Copyright 2009 by Gary L. Pullman
A careful analysis of the storylines of motion pictures, novels, narrative poems, and short stories in the horror genre discloses recurring plot motifs, or formulae. Here are the some more of them, each of which is complete with one or more examples to get you started on the compilation and maintenance of your own list of such plot patterns.
1. Find the ugly within or among the beautiful. We discussed this strategy in a previous post.
2. Develop a continuing theme. We discussed this strategy in a previous post.
3. Enact revenge. We discussed this strategy in a previous post.
4. Rescue a damsel in distress. We discussed this strategy in a previous post.
5. Find the strange in the familiar. We discussed this strategy in a previous post.
6. Bring up the past (and relate it to the present). We discussed this strategy in a previous post.
7. Conduct an experiment. We discussed this strategy in a previous post.
8. Invade paradise. We discussed this strategy in a previous post.
9. Dig up that which has been buried (repressed). We discussed this strategy in a previous post.
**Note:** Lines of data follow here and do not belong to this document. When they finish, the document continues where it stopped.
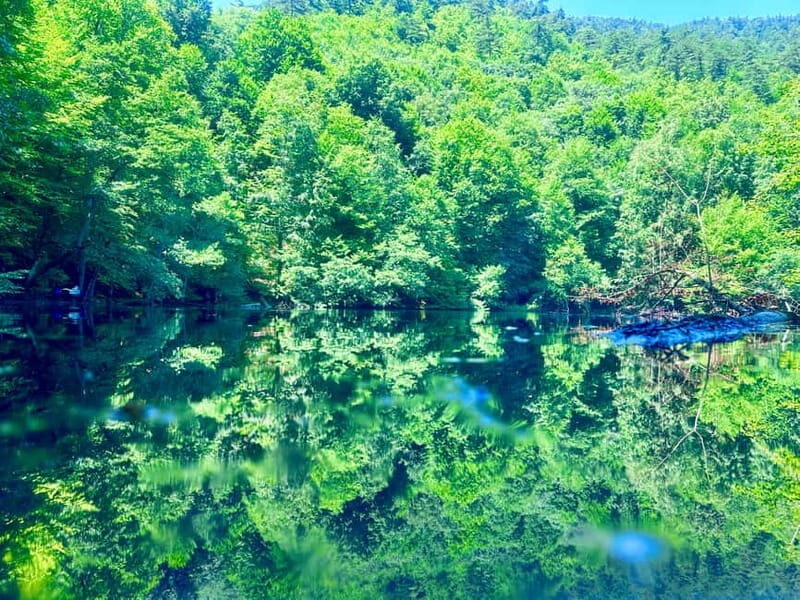 Istanbul: Sapanca, Bolu, Safranbolu and Amasra guided tour - Key Points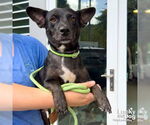 Small #3 Feist Terrier-Retriever  Mix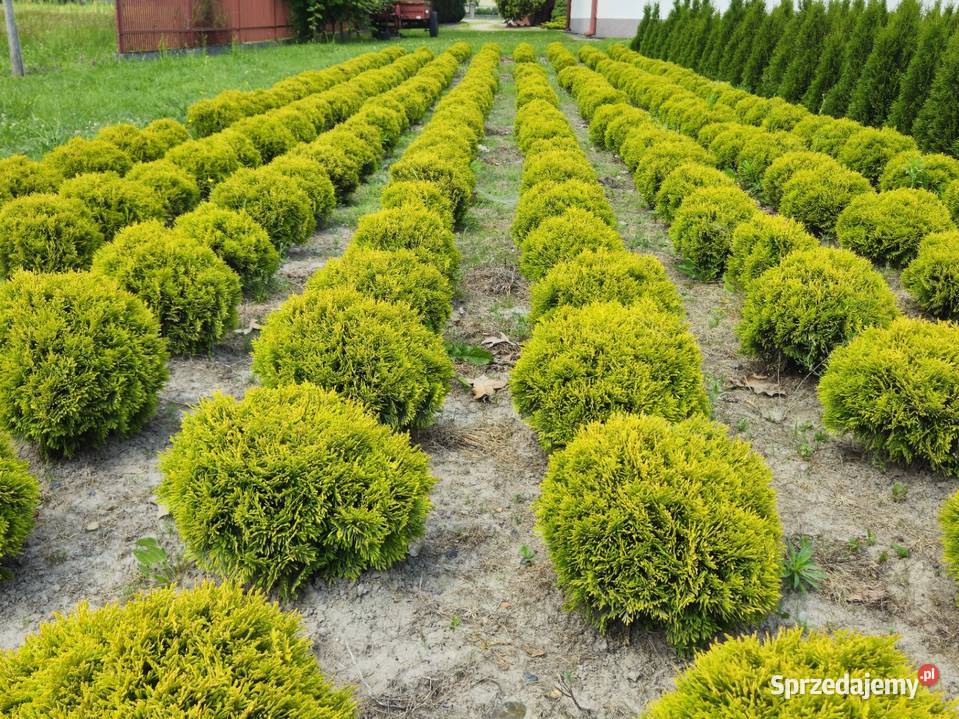 Tuja Mirjam Złota Kula podkarpackie Rzeszów sprzedam
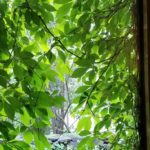 涼し気な家(1)の画像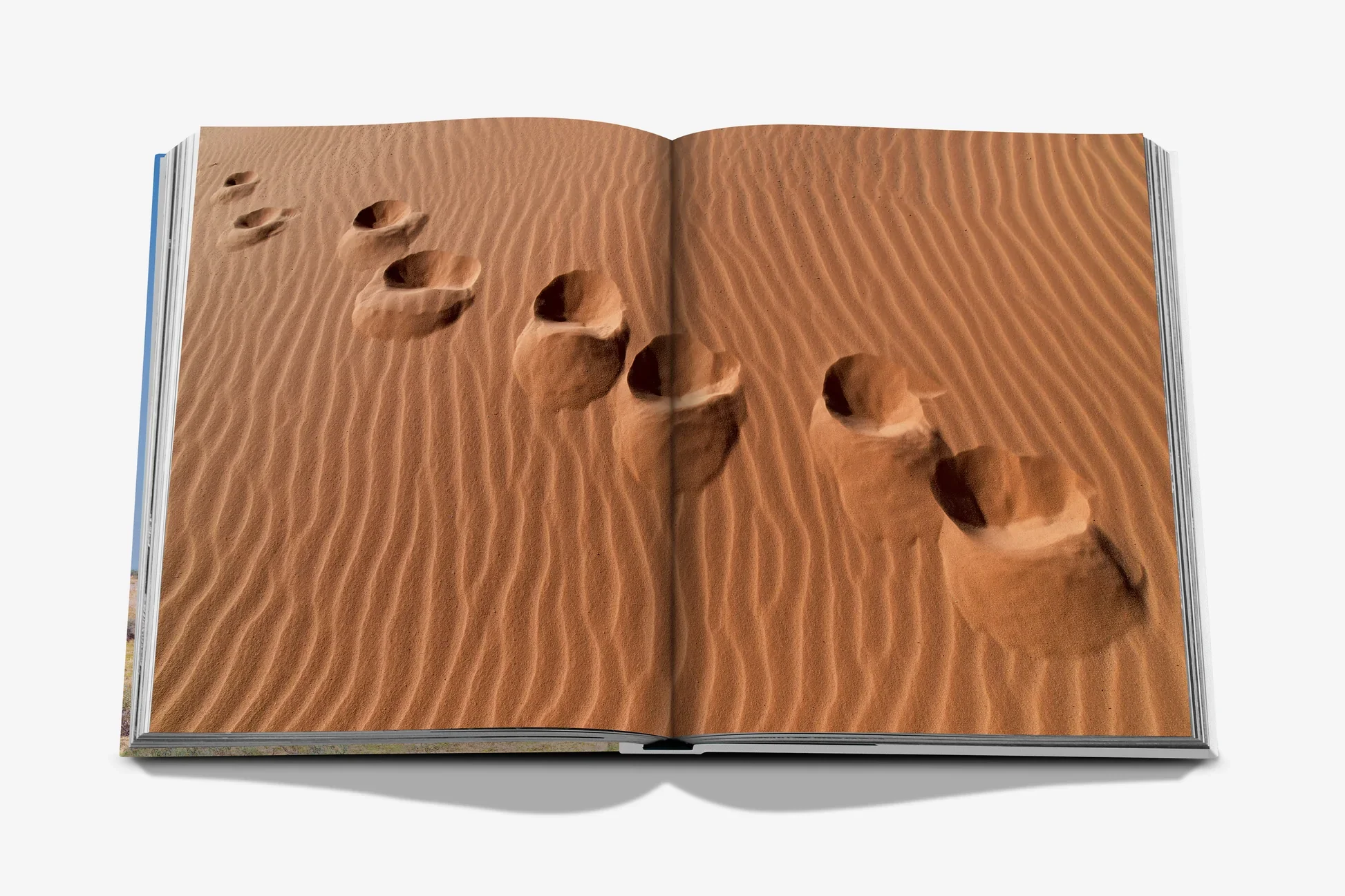 Camels from Saudi Arabia (Classic) Book - Image 3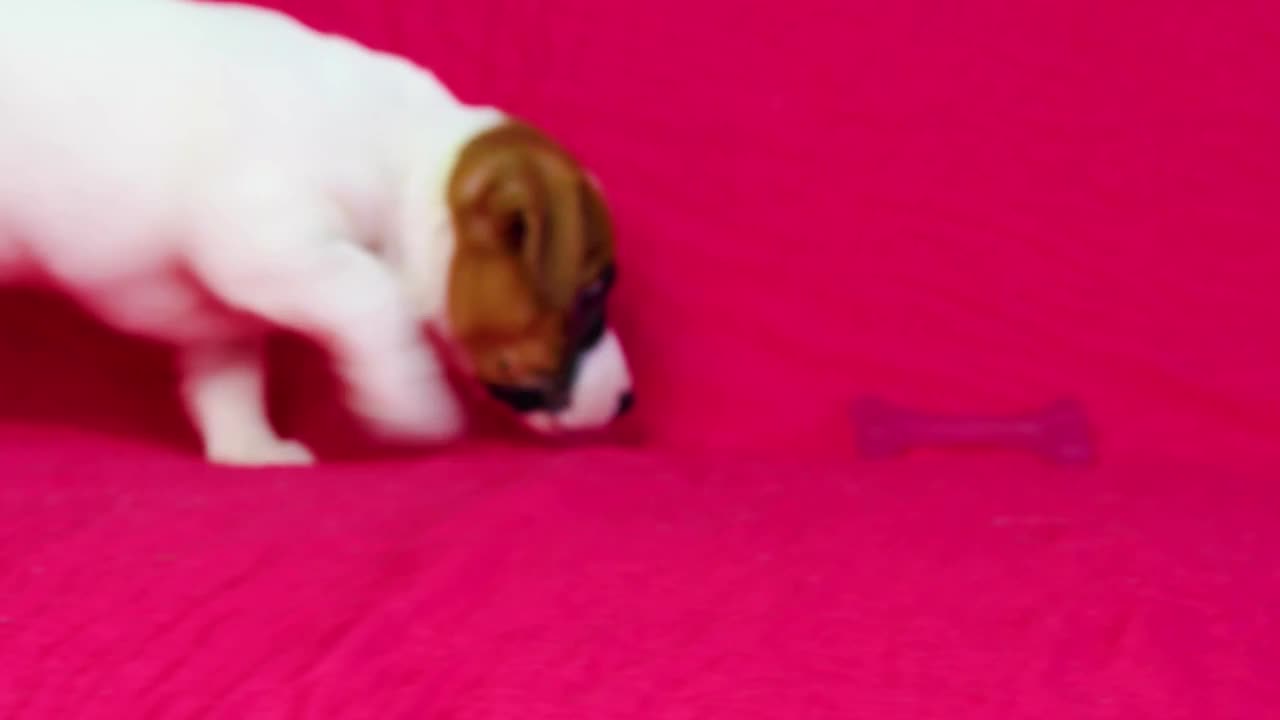 一只小杰克罗素梗犬在明亮的粉红色背景上嗅着一只狗的玩具骨头。视频下载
10. Bite the hand that feeds you (betrayal). Dante reserved the lowest level of his inferno for those who had betrayed others. For him, the most sinful of sins was disloyalty, perhaps because Judas Iscariot betrayed Jesus. Certainly, betrayal, or the biting of the hand that feeds one, so to speak, is a common means of generating storylines, in both horror fiction and other genres. It is the theme that underlies Stephen King’s novel, Cujo, which is more about an unfaithful wife than it is about a rabid dog. Indeed, the St. Bernard himself may function, symbolically, as a representation of the effects upon her family of the betrayal represented by her marital infidelity. In The Others, Grace Stewart, unable to cope with the responsibilities of rearing her children after her husband, Charles, leaves the family to fight in World War I, kills her son and daughter before committing suicide. Certainly, the murder of her children is a betrayal of monstrous proportions, and it is the basis of the movie’s entire plot.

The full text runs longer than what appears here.